What to do while waiting...

In the last update I mentioned the load of tubes that arrived in the mail. Unfortunately my main three suppliers are out of the drop outs I need and my back up is in Taipei.

Not to be dismayed I continue to keep myself busy and move along with what I can do at the moment. In addition to lacing up some wheels, I busied myself with prep work for the next build.

I do most of my design work in my noggin, then finish up and pull miter angles and lengths off of a full sized drawing. This also gives me a visual to double check things like pedal to fender clearance, etc. Here is a pick of the current build's drawing.

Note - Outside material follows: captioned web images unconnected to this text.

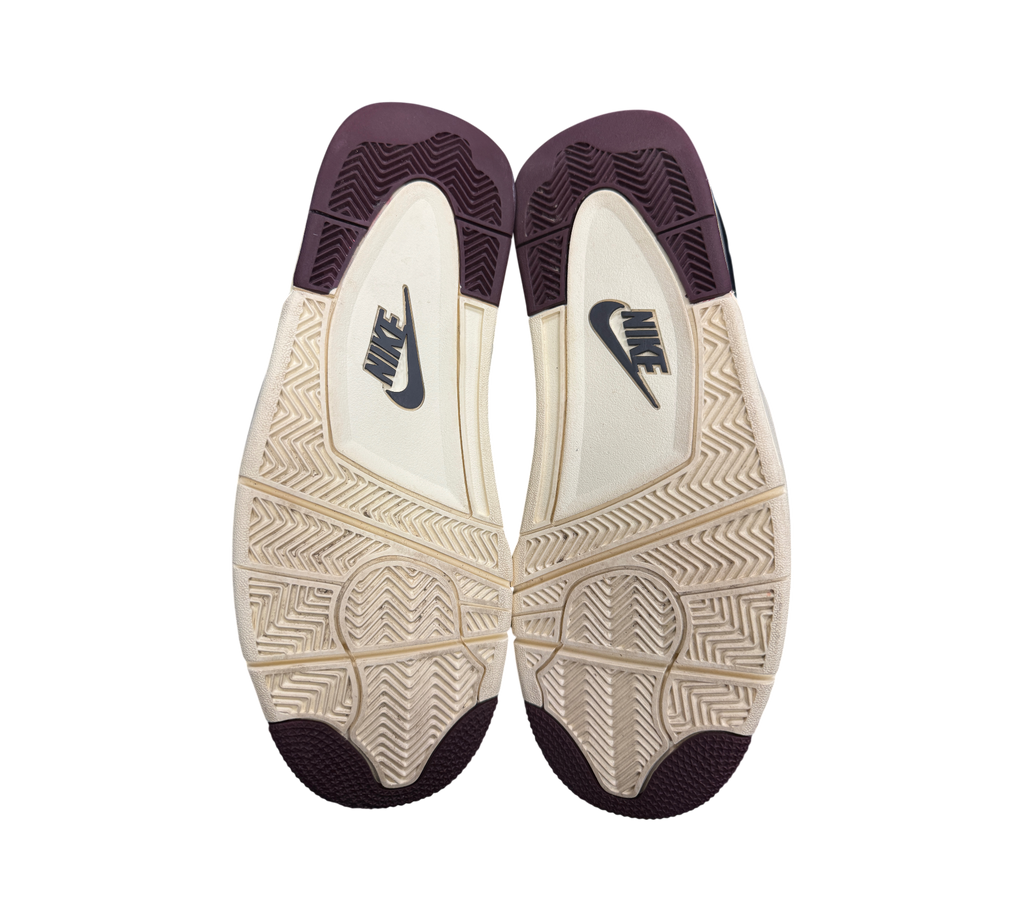 Genesis Boutique Jordan 4 A Ma Maniere Violet Ore sneaker outsoles showing cream and dark purple rubber tread pattern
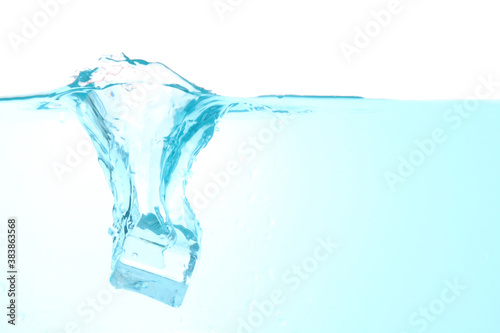 Throw ice into the water making a clear blue splash water wave, isolated on a white background. with copy space © VRVIRUS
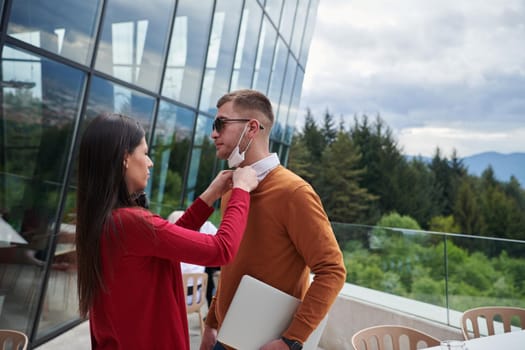 coronavirus outbreak Group of casual business People in outdoor restaurant wearing protective medical mask, business team collaborating and brainstorming business ideas  while working on laptop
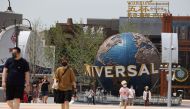Tourists walk near an entrance to the Universal Studios theme park as it reopens to the general public, following the coronavirus disease (COVID-19) outbreak in Beijing, China June 25, 2022. REUTERS/Tingshu Wang/File Photo

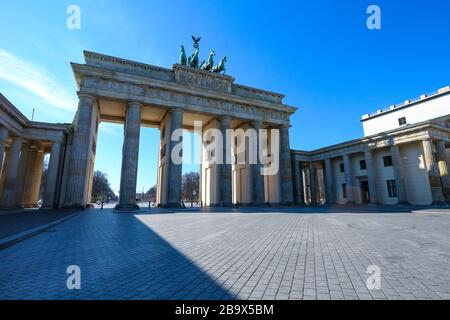 Brandenburg Gate in Berlin, usually a major landmark and tourist hotspot, is mostly deserted during Coronavirus lockdown in Germany. Stock Photo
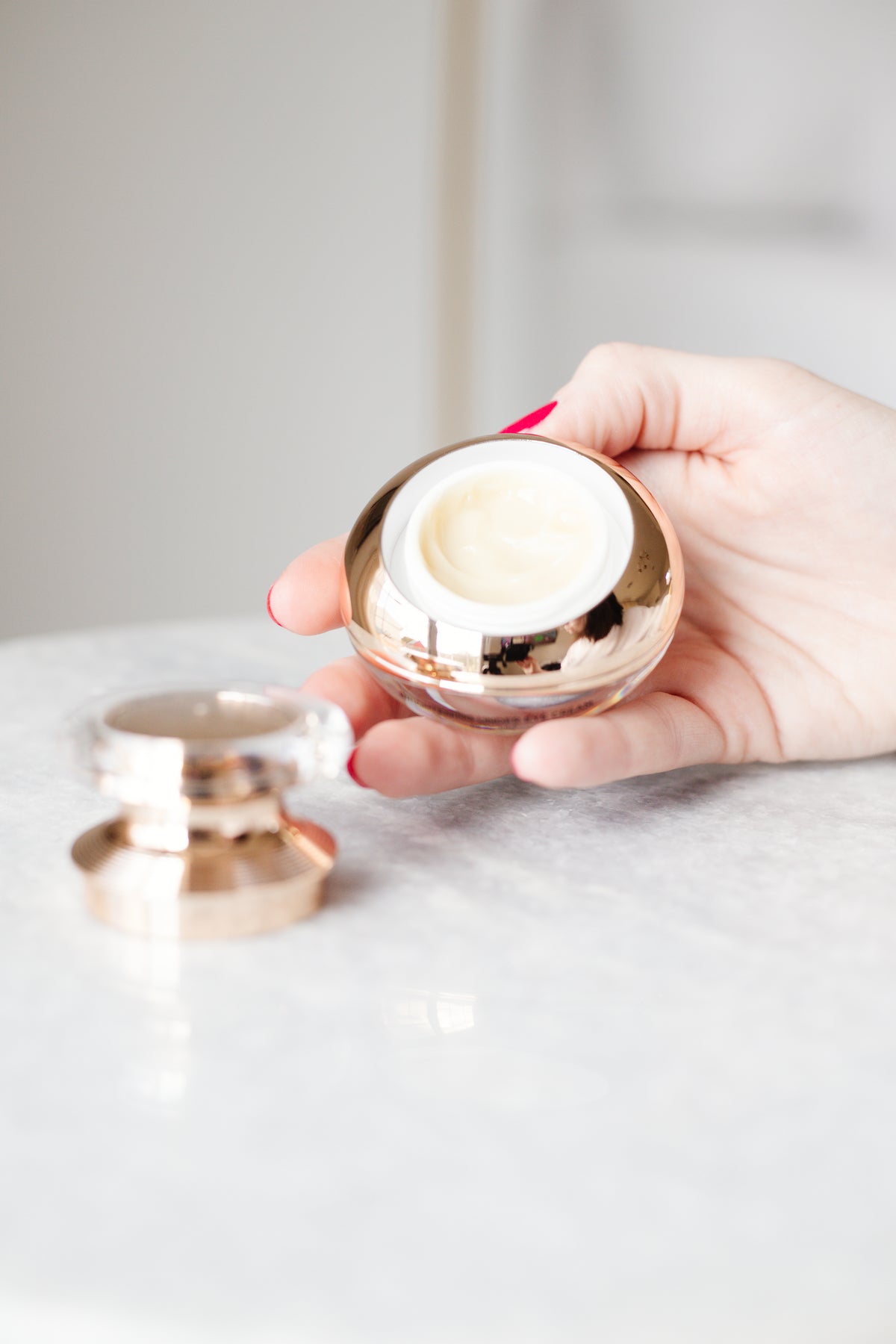 Close-up of EpiLynx anti-aging peptide eye cream texture on a fingertip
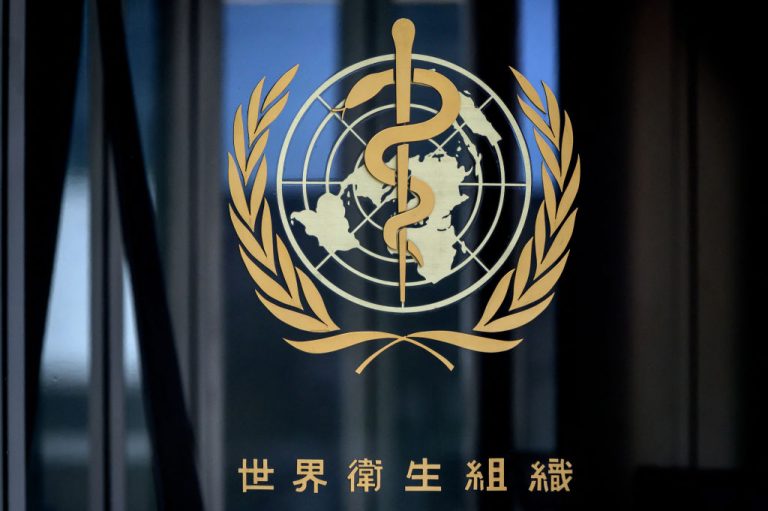 This photograph taken on March 5, 2021 shows a sign of the World Health Organization (WHO) at the entrance of their headquarters in Geneva. The WHO said its verdict on the Coronavirus origin may not come for years at a press conference in London on March 10.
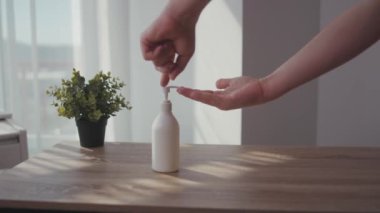 Adam prezervatifi kapat ve ellerini yıkamak için sıvı antiseptik ver. Evde kal Coronavirus COVID19 salgını. Masa enfeksiyonunu dezenfekte et.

This is for a 700c rambler. The terms city bike and hybrid have started to pigeon hole a bit (hybrid maybe more then a little bit). I'm calling my mulit-use bikes "ramblers", custom designed for your application (not just a mix of road and mountain like aspects). In this case I am matching the handling geometry of a race frame with the position and fit of a 74' Schwinn Suburban. This will be for a rider re-couping from a wrist injury that just couldn't get into pushing around 40+ lbs of American pig-iron, but loved her mixte fit.

This frame will use a Dedacciai Uno tube set and be a fillet/ bi-laminate constructed bicycle. Essentially, bi-laminate means that steel sleeves will be brazed on the outside of the thin walled tubes to act as an external butte to support the loads of intersecting tubes. Sort of like open faced lugs. In the drawing, these can be seen at the head tube, top tube, and 3 on the seat tube. Any place a butted end will be brazed to a thin section, there will be a laminated sleeve to help distribute the load.

Most bicycle tubing is measured in mm. The seat tube in this case is 28.6mm in diameter, but only .6mm thick in the thin part of the wall. 28.6mm is about 1 1/8". 1 1/4" 4130 with a wall thickness of .058" slip fits over a 28.6mm tube with just enough room to sweat in some silver. But who wants to put a hog .058" (1.47mm) sleeve onto a .6mm tube?

To balance out the wall thicknesses I turned down the 4130 stock on the lathe to about .7mm. Sticking this on will more then double the tubes wall thickness with a negligible weight penalty, will help mitigate heat distortion from brazing, and will look totally bad ass with some subtlety carved embellishment.